Synthetic benchmarks show what methods *can* do; real neural data shows what
they *must* handle. Head direction cells encode a circular variable — a
topology that some DR methods preserve better than others.

Head direction cells encode a ring. We generate 100 HD cells with
[`generate_circular_manifold_exp`](https://driada.readthedocs.io/en/latest/api/experiment/synthetic.html#driada.experiment.generate_circular_manifold_exp)
and estimate intrinsic dimensionality using the
[`driada.dimensionality`](https://driada.readthedocs.io/en/latest/api/dimensionality/index.html) module.
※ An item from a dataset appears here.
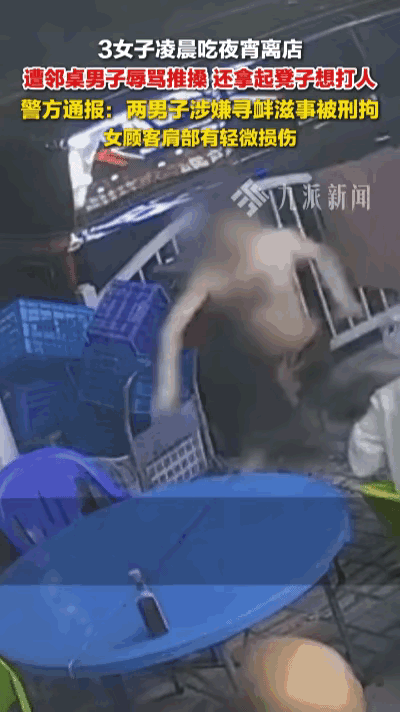 易出评网站：上海夜市烧烤骚扰事件，警方迅速出手维护女性尊严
This module provides several estimators:
- **Linear:** [`pca_dimension`](https://driada.readthedocs.io/en/latest/api/dimensionality/linear.html#driada.dimensionality.linear.pca_dimension) (variance threshold), [`effective_rank`](https://driada.readthedocs.io/en/latest/api/dimensionality/linear.html#driada.dimensionality.linear.effective_rank), [`pca_dimension_profile`](https://driada.readthedocs.io/en/latest/api/dimensionality/linear.html#driada.dimensionality.linear.pca_dimension_profile)
- **Intrinsic:** [`correlation_dimension`](https://driada.readthedocs.io/en/latest/api/dimensionality/intrinsic.html#driada.dimensionality.intrinsic.correlation_dimension), [`geodesic_dimension`](https://driada.readthedocs.io/en/latest/api/dimensionality/intrinsic.html#driada.dimensionality.intrinsic.geodesic_dimension), [`nn_dimension`](https://driada.readthedocs.io/en/latest/api/dimensionality/intrinsic.html#driada.dimensionality.intrinsic.nn_dimension) (TWO-NN)
- **Effective:** [`eff_dim`](https://driada.readthedocs.io/en/latest/api/dimensionality/effective.html#driada.dimensionality.effective.eff_dim) (Renyi entropy of eigenvalues)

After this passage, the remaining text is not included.